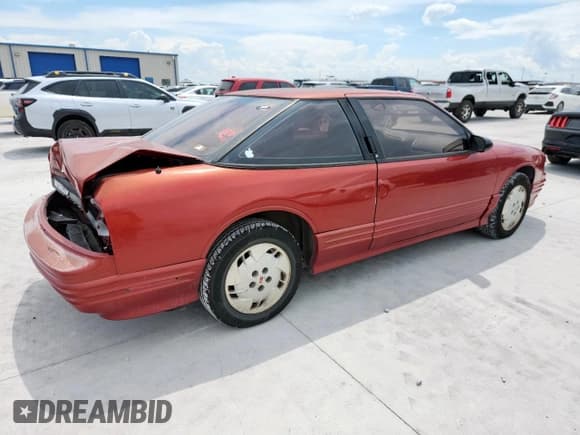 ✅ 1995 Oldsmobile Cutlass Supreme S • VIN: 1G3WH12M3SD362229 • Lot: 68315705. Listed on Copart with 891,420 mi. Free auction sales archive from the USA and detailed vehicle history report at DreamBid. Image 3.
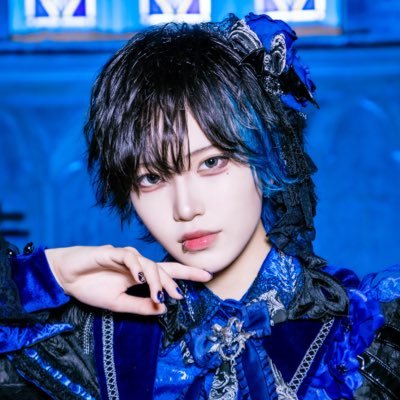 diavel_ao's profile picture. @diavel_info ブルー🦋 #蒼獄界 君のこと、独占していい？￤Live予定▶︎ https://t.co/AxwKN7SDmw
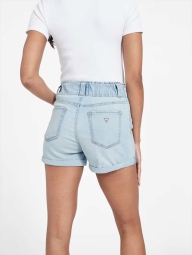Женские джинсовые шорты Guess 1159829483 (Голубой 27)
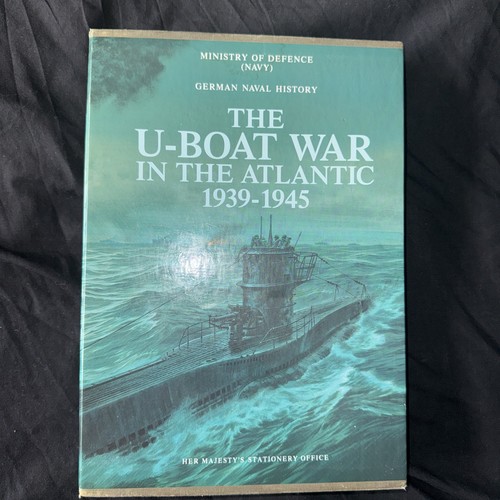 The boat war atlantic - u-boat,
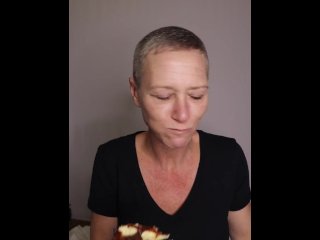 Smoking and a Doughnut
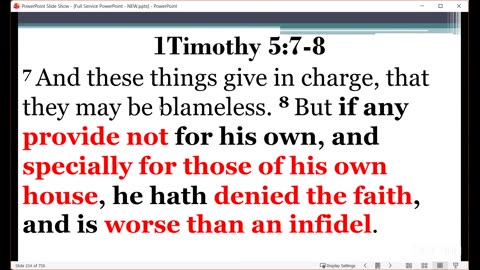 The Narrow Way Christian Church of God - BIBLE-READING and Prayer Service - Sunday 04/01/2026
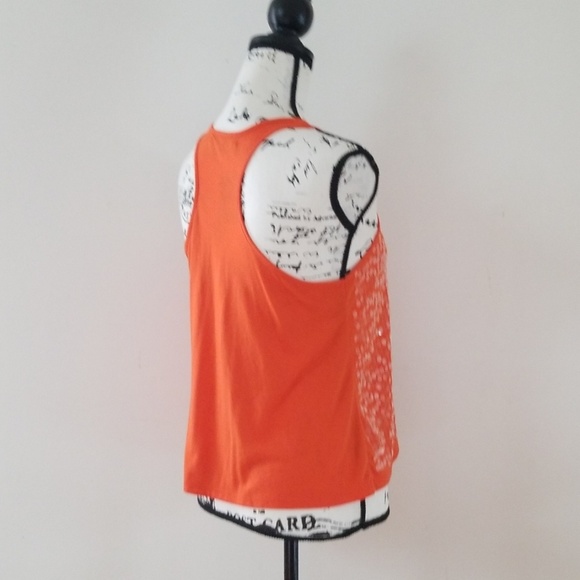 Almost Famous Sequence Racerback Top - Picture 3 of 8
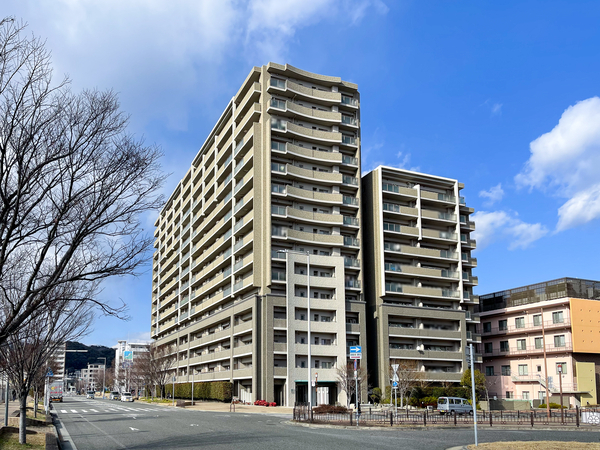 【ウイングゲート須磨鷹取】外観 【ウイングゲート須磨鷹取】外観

...

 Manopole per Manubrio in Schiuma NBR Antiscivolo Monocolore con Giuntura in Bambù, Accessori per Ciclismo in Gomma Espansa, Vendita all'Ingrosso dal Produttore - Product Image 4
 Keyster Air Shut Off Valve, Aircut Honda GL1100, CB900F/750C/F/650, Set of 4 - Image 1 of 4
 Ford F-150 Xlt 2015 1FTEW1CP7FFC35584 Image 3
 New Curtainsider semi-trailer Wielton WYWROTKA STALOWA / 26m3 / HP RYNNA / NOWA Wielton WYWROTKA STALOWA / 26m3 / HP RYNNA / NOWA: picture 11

--

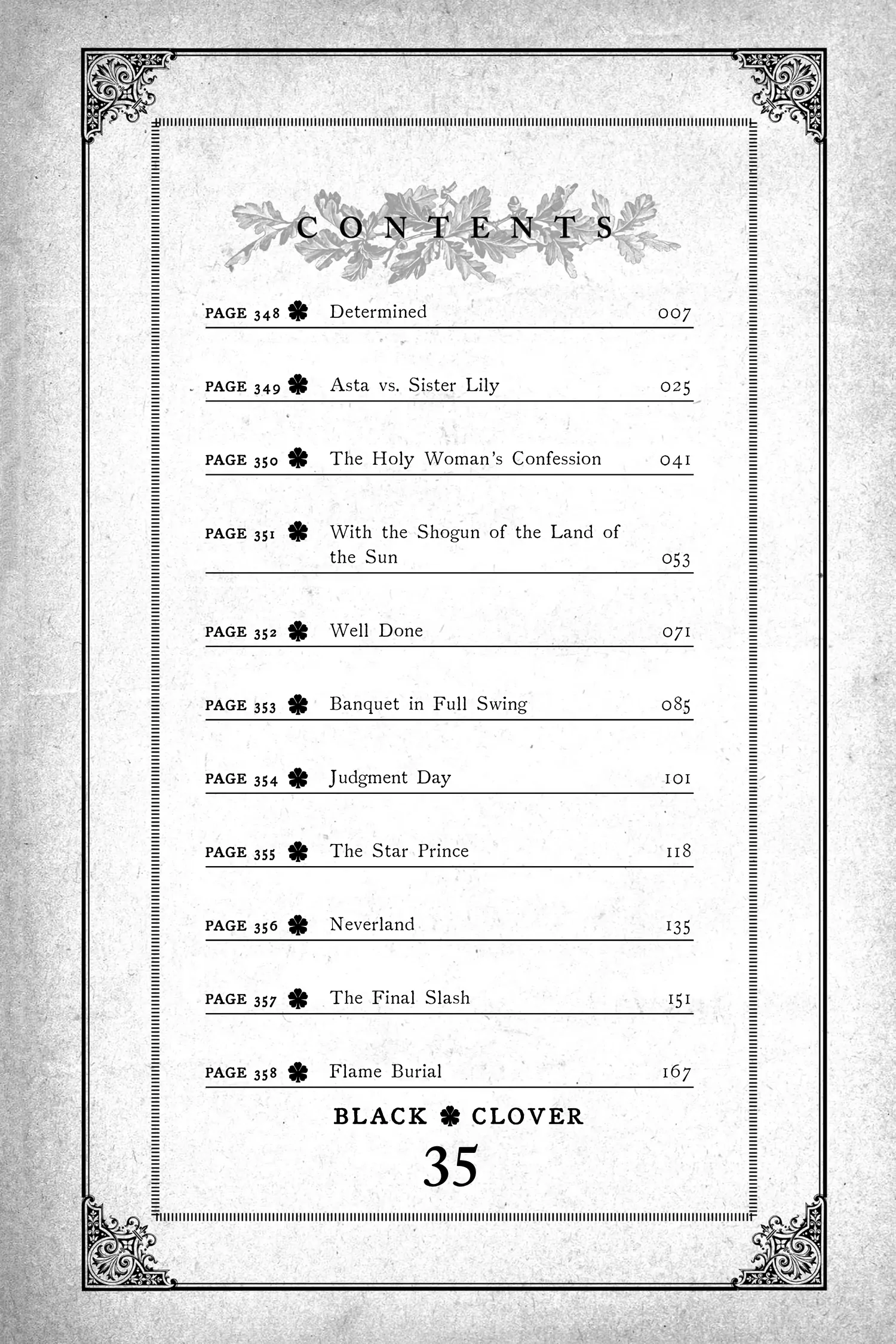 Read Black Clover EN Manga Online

> **TASK INSTRUCTIONS**
Copy out, word for word, the part of the entries above that begins at the line with "Keyster Air Shut" and ends at the line with "New Curtainsider semi-trailer", including both.

> **RESPONSE TO THE TASK**
 Keyster Air Shut Off Valve, Aircut Honda GL1100, CB900F/750C/F/650, Set of 4 - Image 1 of 4
 Ford F-150 Xlt 2015 1FTEW1CP7FFC35584 Image 3
 New Curtainsider semi-trailer Wielton WYWROTKA STALOWA / 26m3 / HP RYNNA / NOWA Wielton WYWROTKA STALOWA / 26m3 / HP RYNNA / NOWA: picture 11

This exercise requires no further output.